Video knowledge

Sean McCown is a professional database administrator who writes the Database Underground blog for InfoWorld. Lately his postings have been full of references to videos. One day, he watched a Sysinternals training flick, combining live video with screencasting, and made immediate use of it to pinpoint and fix a problem. Another day, he made his own training screencast:

I sat down last night and made a video of the restore procedure for one of our ETL processes. It was 10mins long, and it explained everything someone would need to know to recover the process from a crash. [Database Underground: Not just a DR plan anymore]

Screencasting is poised to become a routine tool of business communication, but there are still a few hurdles to overcome. For starters, video capture isn’t as accessible as it ought to be. Second Life gets it right: there’s always a camera available, and you can turn it on at any time. Every desktop OS should work like that.

Meanwhile, I’ll reiterate some advice: Camtasia is an excellent tool for capturing screen video on Windows, but its $300 price tag covers a lot of editing and production features that you may never use if you’re capturing in stream-of-consciousness mode for purposes of documentation. In that case, the free Windows Media Encoder is perfectly adequate.

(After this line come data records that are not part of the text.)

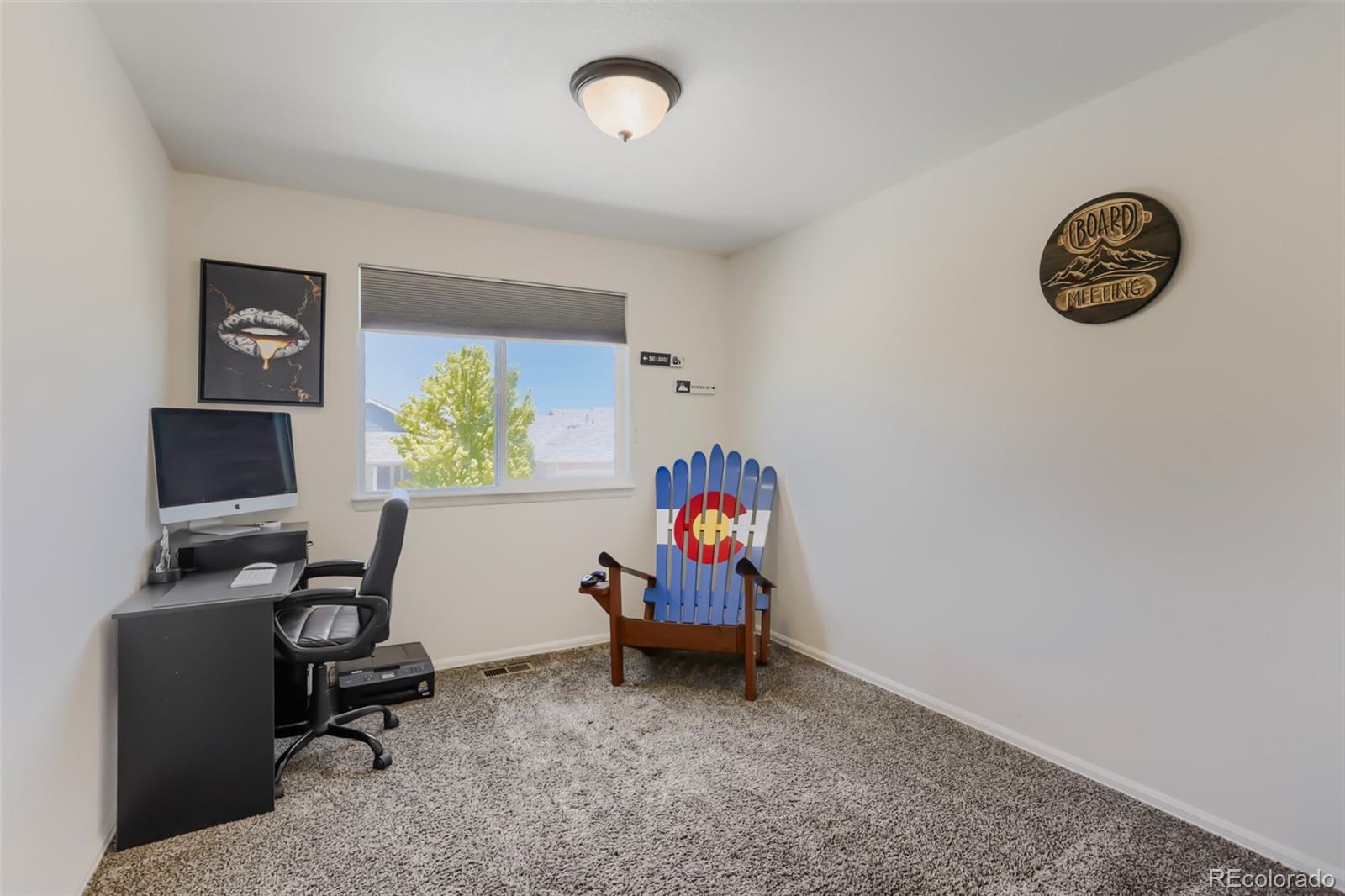 MLS Image #19 for 1519  new season drive,windsor, Colorado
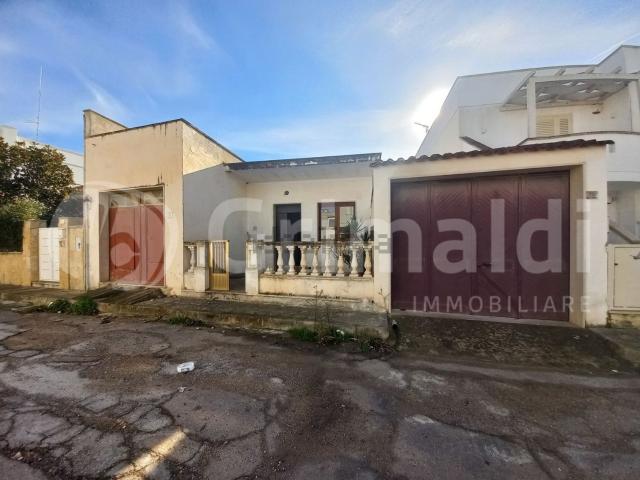 Casa in vendita a Puglia, Lecce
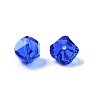 K9 Glass SWAR-F085-6mm-13-2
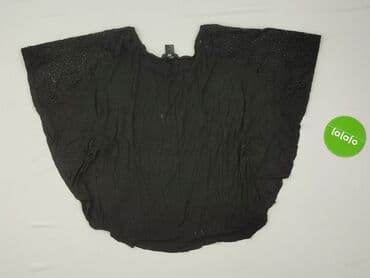 Women: H&M, Women`s tunic, S at lalafo.pl — 3 Women: H&M, Women`s tunic, S — 3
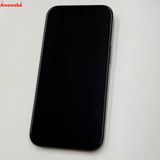 ��®ȯ��iPhone15 128GB �֥�å� MTMH3J/A SoftBank��SIM�ե꡼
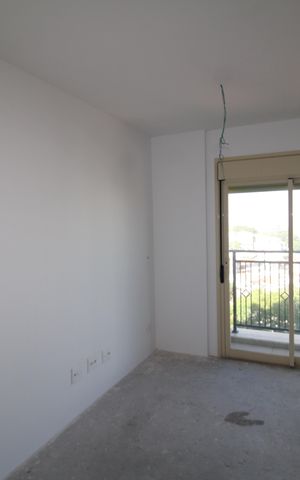Apartamento à venda com 66m², 2 quartos e 1 vagaQuarto 1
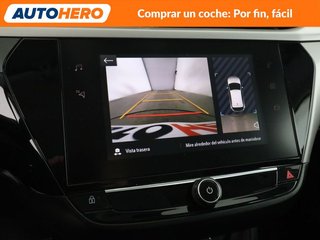 Opel Corsa 1.2 Turbo Edition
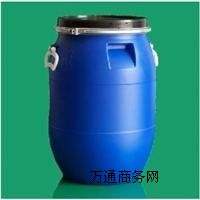 ���ڼ���ӡˢ�����zˮ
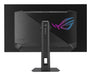 EAN 4711636007139 - ASUS ROG Strix OLED XG32UCWG pantalla para PC 80 cm (31.5") 3840 x 2160 Pixeles 4K Ultra HD Negro imagen 6
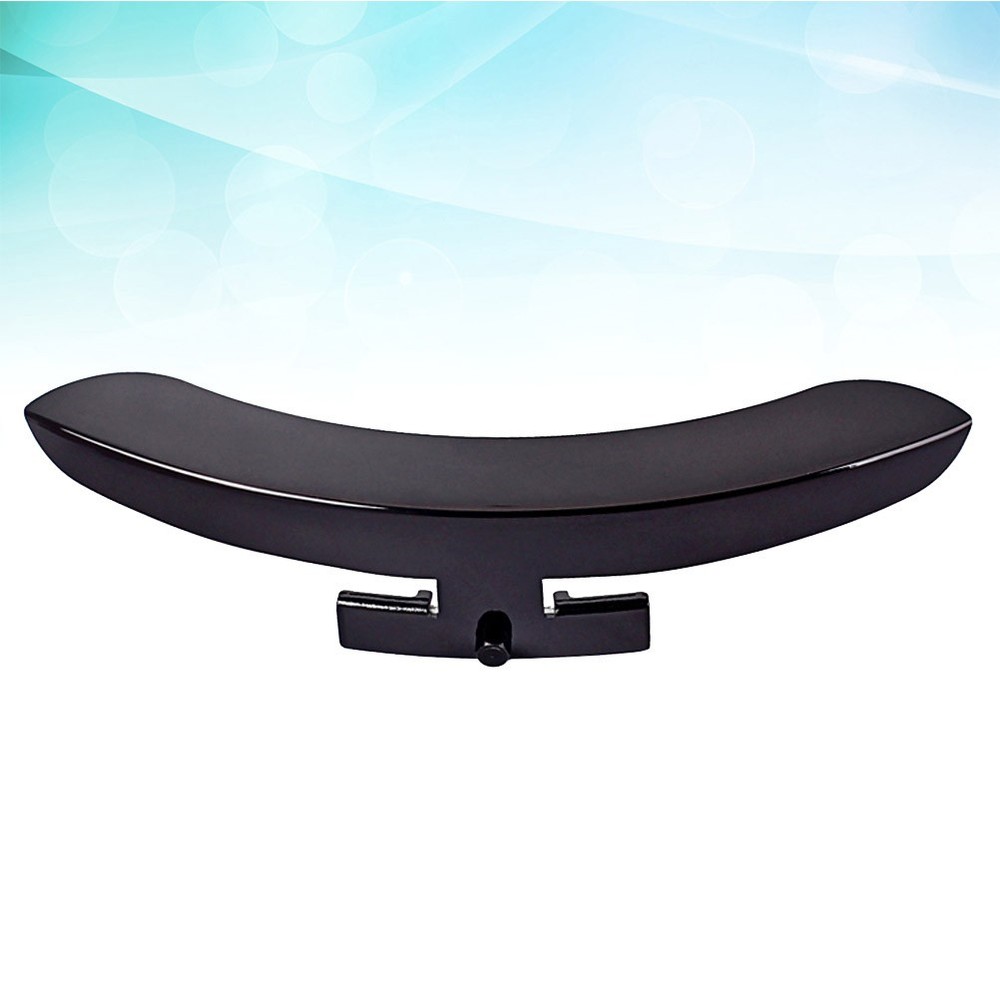 1PC Single Leg Banjo Armrest Single Leg Banjo Protector Banjo Protector Armrest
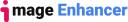 Image Enhancer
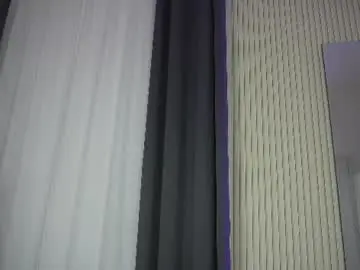 Chaturbate Watch Live Sex Cams of katelynsparks
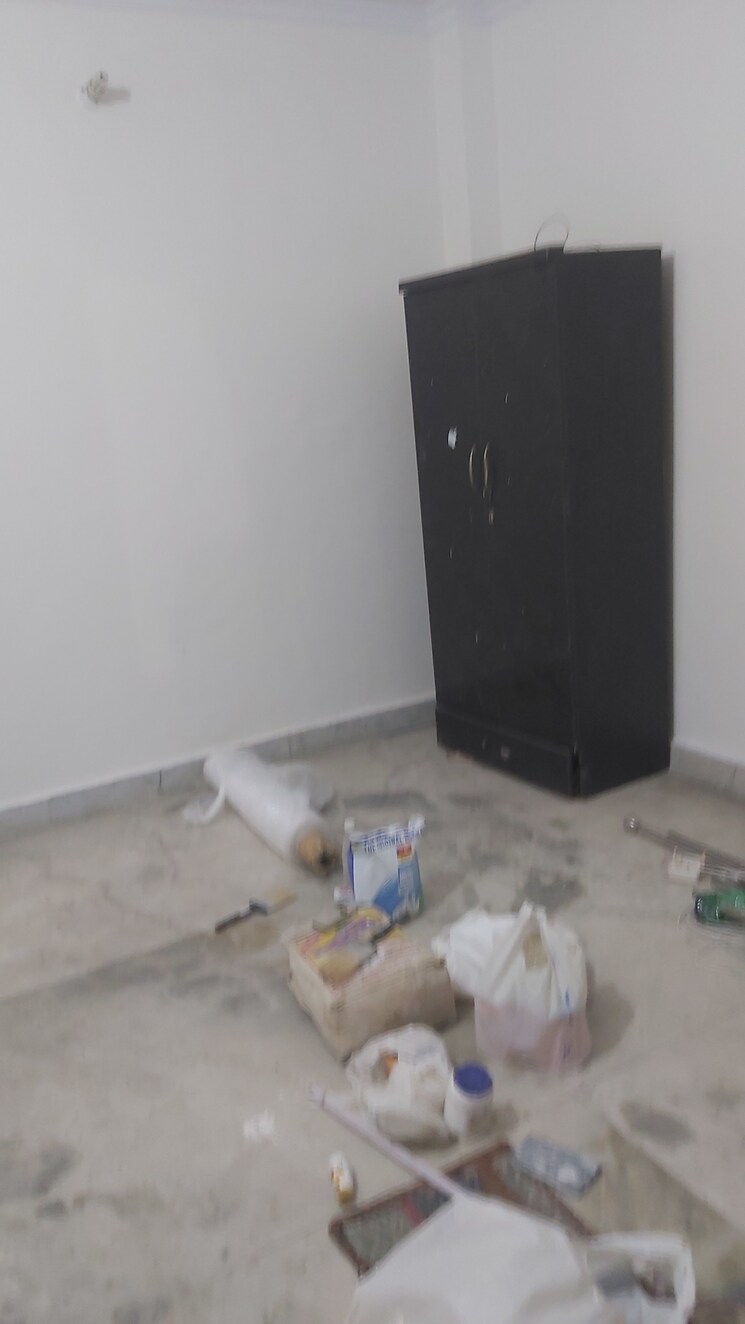 undefined, mayur vihar 2.5 Bedroom 750 Sq.Ft. Builder Floor In Mayur Vihar Delhi 8306283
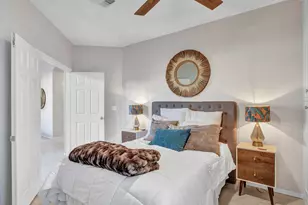 16621 S 14th St, Phoenix, AZ 85048 - Photo 12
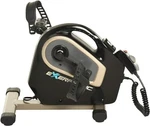 Exerpeutic 2000M Motorized Under Desk Exercise Bike - 4107 Black. Fixed Price $156.83.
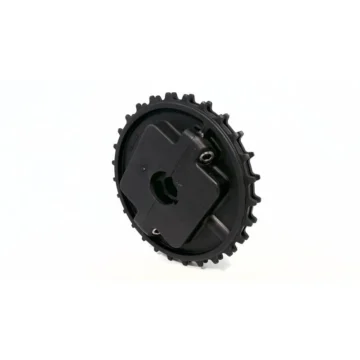 Палец IDLER MPBS T 7300 27 317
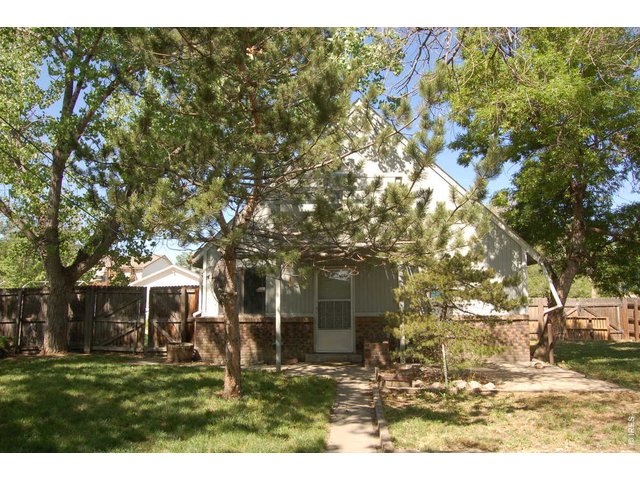 Photo of Listing #698564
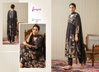 Gunjan By Psyna Classy Look Readymade Top With Bottom Dupatta Best Wholesale Shop In Surat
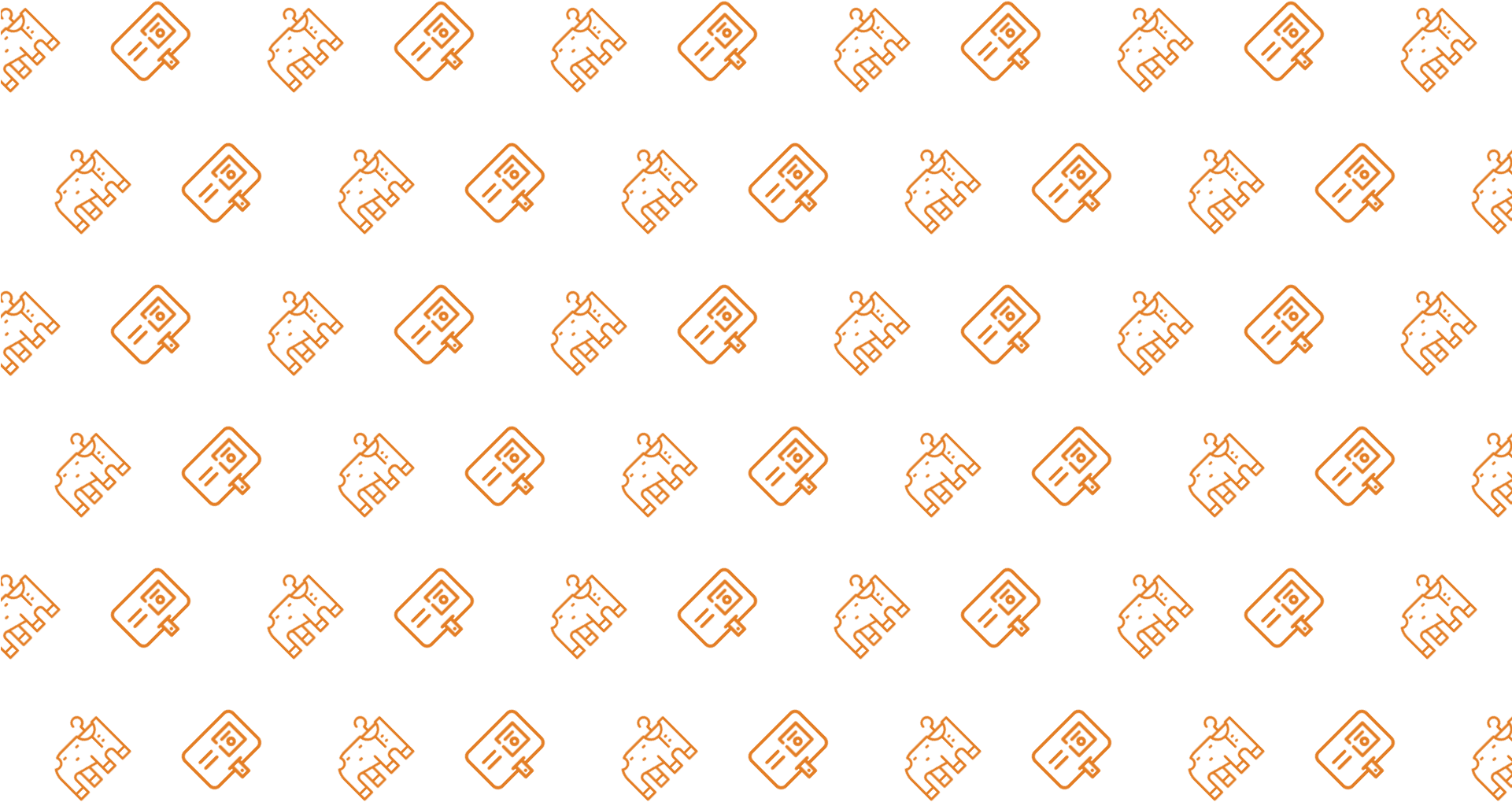 Pixbot › Hd Pattern Design - Illustration (1920x1080), Png Download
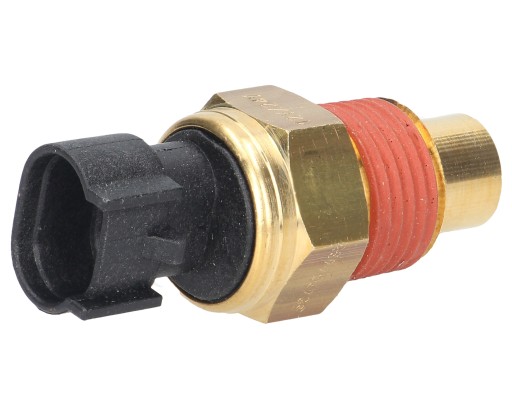 22240248 - датчик температуры Case New Holland Steyr 2856350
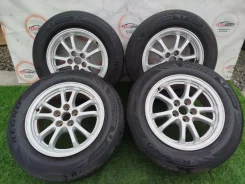Asahi Tec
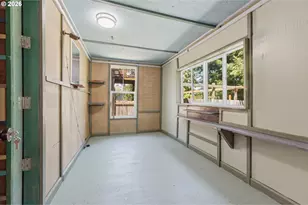 397 Reedsford Rd, Myrtle Point, OR 97458 - Photo 45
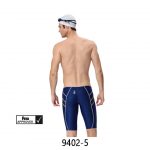 men-fina-approved-swim-jammer-9402-5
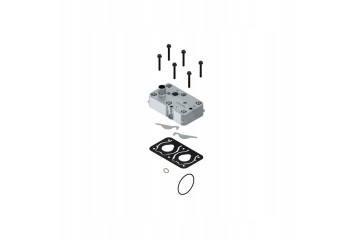 Wabco Spare part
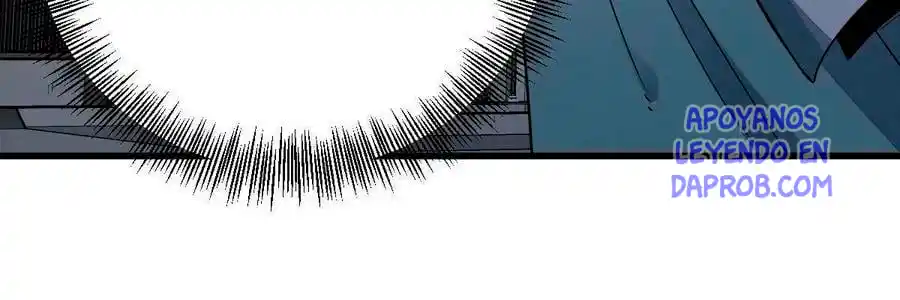Lan Ke Qi Yuan - Capítulo 156 - Página 50 - LectorTMOo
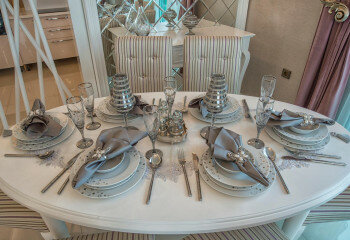 Квартира 2+1 в Махмутларе, Алания, Турция | PTE-14809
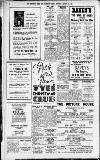 Whitstable Times and Herne Bay Herald Saturday 07 January 1933 Page 6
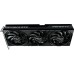 Palit GeForce RTX 5070 Infinity 3 OC 12GB GDDR7 DLSS4 (NE75070S19K9-GB2050S)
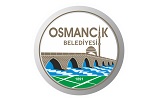 Osmancik Belediyesi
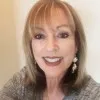 Jill Sanders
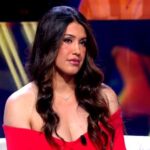 Gabriela Guillén sorprende con los detalles del primer encuentro entre Bertín Osborne y su hijo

On the Mac I’d been using Snapz Pro X for short flicks, but it takes forever to save long sessions. Next time I do a long-form Mac screencast I’ll try iShowU. That’s what Peter Wayner used for his AJAX screencasts. Peter says that iShowU saves instantly. I tried the demo, and it does.

Finally, there’s the odd hack I tried here: I used the camera’s display as the Mac’s screen, and captured to tape. If the 720×480 format is appropriate for your subject — and when the focus is a single application window, it can be — this is a nice way to collect a lot of raw material without chewing up a ton of disk space.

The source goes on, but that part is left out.